# Create LoadData CSVs to use for illumination correction

In this notebook, we create a LoadData CSV that contains paths to each channel per image set for CellProfiler to process. 
We can use this LoadData CSV to run illumination correction (IC) pipeline that saves IC functions in `npy` file format and extract image quality metrics.

## Import libraries

In [1]:
import pathlib
import pandas as pd
import re

import sys

sys.path.append("../utils")
import loaddata_utils as ld_utils

## Set paths

In [2]:
# Paths for parameters to make loaddata csv
batch_name = "Round_3_data"
index_directory = pathlib.Path(f"/media/18tbdrive/ALSF_pilot_data/{batch_name}/")
config_dir_path = pathlib.Path("./config_files").absolute()
output_csv_dir = pathlib.Path(f"./loaddata_csvs/{batch_name}")
output_csv_dir.mkdir(parents=True, exist_ok=True)

# Find all 'Images' folders within the directory
images_folders = list(index_directory.rglob("Images"))

## Create LoadData CSVs for all data

In [3]:
# Define the one config path to use
config_path = config_dir_path / "config.yml"

# Find all Plate folders
plate_folders = list(index_directory.glob("Plate *"))

# Build mapping of BR00 IDs to plate number
br00_to_plate = {}

# First parse "All Cell Lines" folders to get BR00 IDs
for plate_folder in plate_folders:
    if "All Cell Lines" in plate_folder.name:
        for subfolder in plate_folder.iterdir():
            if subfolder.is_dir():
                br00_id = subfolder.name.split("__")[0]
                plate_num = plate_folder.name.split()[1]
                br00_to_plate[br00_id] = plate_num

# Now process everything
for plate_folder in plate_folders:
    for subfolder in plate_folder.iterdir():
        if not subfolder.is_dir():
            continue

        br00_id = subfolder.name.split("__")[0]

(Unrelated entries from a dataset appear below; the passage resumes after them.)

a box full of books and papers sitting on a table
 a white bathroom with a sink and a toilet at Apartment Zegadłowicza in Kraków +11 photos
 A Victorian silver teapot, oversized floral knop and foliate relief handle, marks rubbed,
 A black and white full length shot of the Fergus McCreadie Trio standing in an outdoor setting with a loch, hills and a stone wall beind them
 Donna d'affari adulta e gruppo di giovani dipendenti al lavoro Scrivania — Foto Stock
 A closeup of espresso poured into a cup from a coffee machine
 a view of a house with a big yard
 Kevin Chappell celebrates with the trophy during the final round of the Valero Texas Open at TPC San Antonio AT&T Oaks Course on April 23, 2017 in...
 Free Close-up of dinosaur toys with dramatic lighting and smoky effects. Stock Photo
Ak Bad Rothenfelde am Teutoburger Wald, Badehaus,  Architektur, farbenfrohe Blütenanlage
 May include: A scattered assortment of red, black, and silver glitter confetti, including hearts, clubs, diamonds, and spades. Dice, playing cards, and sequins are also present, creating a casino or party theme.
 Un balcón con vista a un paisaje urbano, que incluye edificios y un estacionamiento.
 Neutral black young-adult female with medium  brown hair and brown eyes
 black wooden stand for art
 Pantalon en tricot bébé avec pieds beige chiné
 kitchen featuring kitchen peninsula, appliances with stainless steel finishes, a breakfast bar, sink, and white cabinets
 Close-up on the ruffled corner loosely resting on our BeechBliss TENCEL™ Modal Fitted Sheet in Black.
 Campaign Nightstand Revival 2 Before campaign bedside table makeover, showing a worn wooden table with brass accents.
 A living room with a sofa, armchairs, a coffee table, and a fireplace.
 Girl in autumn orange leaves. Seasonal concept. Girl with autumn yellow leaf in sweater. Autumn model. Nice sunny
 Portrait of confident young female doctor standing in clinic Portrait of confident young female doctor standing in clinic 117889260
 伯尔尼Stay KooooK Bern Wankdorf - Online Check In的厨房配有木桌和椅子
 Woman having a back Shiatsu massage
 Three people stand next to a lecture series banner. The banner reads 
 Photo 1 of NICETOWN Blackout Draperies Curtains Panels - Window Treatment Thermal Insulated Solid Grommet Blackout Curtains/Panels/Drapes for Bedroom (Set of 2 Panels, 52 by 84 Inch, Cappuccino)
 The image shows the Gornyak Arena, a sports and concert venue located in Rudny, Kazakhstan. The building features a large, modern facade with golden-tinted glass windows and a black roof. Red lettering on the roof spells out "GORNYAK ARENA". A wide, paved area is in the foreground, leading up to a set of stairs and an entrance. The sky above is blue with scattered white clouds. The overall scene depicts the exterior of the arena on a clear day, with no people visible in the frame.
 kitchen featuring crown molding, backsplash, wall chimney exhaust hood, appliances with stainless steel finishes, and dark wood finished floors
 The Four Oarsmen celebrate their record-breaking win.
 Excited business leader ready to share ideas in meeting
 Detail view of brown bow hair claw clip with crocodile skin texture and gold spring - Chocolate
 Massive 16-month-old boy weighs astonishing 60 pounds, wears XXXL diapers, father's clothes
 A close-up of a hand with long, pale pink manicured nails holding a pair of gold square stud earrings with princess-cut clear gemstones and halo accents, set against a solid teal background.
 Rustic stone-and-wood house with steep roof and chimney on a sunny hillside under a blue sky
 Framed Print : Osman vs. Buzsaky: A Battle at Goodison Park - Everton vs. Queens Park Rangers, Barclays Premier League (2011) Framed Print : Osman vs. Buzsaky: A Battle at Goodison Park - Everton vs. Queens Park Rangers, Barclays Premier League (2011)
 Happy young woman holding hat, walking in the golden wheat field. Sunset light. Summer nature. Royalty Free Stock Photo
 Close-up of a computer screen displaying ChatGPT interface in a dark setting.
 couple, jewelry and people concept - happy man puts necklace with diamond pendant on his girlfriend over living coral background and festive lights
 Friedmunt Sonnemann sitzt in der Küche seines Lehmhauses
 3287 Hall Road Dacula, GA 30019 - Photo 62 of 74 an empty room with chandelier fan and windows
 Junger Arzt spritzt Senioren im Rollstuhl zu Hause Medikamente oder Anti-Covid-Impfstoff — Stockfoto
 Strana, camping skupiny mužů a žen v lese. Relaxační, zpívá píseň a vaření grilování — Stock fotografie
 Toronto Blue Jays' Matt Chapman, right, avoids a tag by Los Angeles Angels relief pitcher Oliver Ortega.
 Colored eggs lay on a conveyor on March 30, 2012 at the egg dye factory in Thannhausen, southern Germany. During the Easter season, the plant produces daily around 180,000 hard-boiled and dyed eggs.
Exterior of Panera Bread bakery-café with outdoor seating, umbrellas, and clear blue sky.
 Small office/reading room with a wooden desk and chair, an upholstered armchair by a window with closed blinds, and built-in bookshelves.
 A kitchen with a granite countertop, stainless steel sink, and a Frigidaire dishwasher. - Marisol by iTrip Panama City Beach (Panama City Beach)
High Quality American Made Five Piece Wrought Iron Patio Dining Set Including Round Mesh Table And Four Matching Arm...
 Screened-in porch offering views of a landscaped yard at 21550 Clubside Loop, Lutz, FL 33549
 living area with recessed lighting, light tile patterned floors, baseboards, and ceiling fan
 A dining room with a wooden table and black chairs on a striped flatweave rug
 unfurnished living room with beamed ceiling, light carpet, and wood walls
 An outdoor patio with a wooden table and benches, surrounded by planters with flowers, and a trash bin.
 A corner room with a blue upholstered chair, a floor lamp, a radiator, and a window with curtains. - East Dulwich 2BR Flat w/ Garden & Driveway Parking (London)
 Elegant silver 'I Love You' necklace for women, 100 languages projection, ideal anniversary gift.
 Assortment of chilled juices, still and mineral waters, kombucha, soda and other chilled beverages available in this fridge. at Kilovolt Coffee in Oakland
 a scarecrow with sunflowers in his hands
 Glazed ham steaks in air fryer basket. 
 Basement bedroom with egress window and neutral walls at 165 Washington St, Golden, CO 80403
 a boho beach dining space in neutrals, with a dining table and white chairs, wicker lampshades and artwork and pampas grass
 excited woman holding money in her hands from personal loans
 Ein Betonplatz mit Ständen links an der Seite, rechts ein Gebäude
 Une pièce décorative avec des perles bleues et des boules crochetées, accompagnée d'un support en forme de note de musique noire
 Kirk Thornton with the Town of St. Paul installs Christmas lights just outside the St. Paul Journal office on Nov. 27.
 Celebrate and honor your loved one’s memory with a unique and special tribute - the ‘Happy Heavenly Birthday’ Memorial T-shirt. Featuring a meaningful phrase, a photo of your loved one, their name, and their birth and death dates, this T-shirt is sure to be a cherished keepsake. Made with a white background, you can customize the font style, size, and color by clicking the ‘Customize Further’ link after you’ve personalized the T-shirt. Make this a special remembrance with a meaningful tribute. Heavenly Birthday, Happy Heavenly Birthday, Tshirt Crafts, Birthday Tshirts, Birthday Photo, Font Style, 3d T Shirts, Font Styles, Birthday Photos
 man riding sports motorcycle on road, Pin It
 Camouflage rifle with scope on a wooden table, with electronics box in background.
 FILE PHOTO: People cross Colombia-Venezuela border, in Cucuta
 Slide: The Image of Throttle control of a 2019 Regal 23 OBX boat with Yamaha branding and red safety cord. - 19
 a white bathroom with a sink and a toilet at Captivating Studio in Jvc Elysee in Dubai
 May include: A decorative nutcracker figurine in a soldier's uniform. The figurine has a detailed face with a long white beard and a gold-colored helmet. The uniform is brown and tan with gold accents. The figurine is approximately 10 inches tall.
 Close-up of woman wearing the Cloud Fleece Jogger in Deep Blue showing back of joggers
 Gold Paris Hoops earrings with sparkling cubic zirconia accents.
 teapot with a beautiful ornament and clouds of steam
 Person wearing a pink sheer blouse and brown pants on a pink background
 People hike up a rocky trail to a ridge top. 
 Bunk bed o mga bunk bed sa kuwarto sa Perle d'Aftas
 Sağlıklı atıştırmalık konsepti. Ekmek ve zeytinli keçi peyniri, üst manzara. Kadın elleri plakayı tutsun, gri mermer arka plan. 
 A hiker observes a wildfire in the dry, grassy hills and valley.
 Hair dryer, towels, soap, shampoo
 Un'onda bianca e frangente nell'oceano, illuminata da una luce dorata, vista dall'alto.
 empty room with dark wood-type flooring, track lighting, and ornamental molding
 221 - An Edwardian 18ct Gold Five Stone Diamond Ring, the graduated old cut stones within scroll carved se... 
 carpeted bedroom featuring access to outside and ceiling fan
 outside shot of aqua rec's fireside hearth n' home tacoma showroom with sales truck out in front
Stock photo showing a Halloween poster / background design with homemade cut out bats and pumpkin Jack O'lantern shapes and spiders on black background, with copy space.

        if "All Cell Lines" in plate_folder.name:
            # Original run
            plate_name = f"{br00_id}"
        else:
            # Reimaged
            parts = plate_folder.name.split()
            plate_num = parts[1]
            cell_line = (
                " ".join(parts[2:]).replace("Reimage", "").strip().replace(" ", "_")
            )
            plate_name = f"{br00_id}_{cell_line}_Reimage"

        path_to_output_csv = (
            output_csv_dir / f"{plate_name}_loaddata_original.csv"
        ).absolute()

        ld_utils.create_loaddata_csv(
            index_directory=subfolder / "Images",
            config_path=config_path,
            path_to_output=path_to_output_csv,
        )
        print(f"Created LoadData CSV for {plate_name} at {path_to_output_csv}")

BR00147261_CHLA-203_Reimage_loaddata_original.csv is created!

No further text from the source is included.